Ted sighed, but he said nothing; there was nothing to be said.

"Would you very much mind asking him to supper to-morrow night?"

"No. He won't come. But you'd better write to him yourself, or else he'll think you don't want him."

She wrote a note, and Ted took it downstairs, to be ready for Vincent at such time as he should come in. The boy turned into his own room without going up again to say good-night.

He had left Katherine thinking. She had been struck with his words; they had thrown a new light on his character. His tone was bitter when he told her he had been thinking of nothing but Vincent; but it was not the bitterness of selfish resentment. A shuddering hope went through her. Either there always had been things in Ted's nature which she had never suspected, or he had just begun his education by suffering—by having felt. The latter was the more probable explanation; she knew him to be capable of such absorption in pleasant sensations, that, if all had gone well with him, he might from sheer light-heartedness have remained indifferent to other people's woes. And all along he had been such an irresponsible person, but now he was actually growing a conscience, and a peculiarly delicate one too. Without any fault of his own, he had behaved dishonourably to Vincent; and apart from the blow to his own honour, it was evident that what stung him now was remorse for his infinitesimal share in the causes that had led to Vincent's ruin.

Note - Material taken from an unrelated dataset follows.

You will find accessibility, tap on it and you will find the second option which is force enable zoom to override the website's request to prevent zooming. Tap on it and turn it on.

In all that he had said there was no trace of any lingering love for Audrey. Was it possible that the tragic spectacle of Vincent's fate had moved him too with pity and terror, for the purging of his passion?

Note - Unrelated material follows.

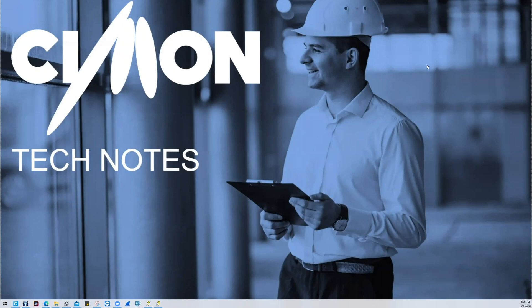Hello and welcome to Simon Tech Notes. My name is Christian and I'm part of the technical support team here. In this video we will be going over Modbus Master TCP and RTU in relation to the Simon PLC.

Hardy did not find Katherine's note till late next morning. He read it twice over with an incredulous air, and put it into the fire. He wrote a short but grateful refusal, saying truly that he was very seedy, and not pleasant company for any one at present.

Not long after, he was alone, as usual, in his dingy ground-floor sitting-room. It was about five o'clock; but he had not lit his lamp yet, and he had let his fire go out, though it was cold and rainy. A gas-lamp from the street shone through the dripping window-panes, bringing a dreary twilight into the room, making it one with the melancholy of the rain-swept streets.

He sat by the table, with his head in his hands, a prey to the appalling depression which was his mood when sober.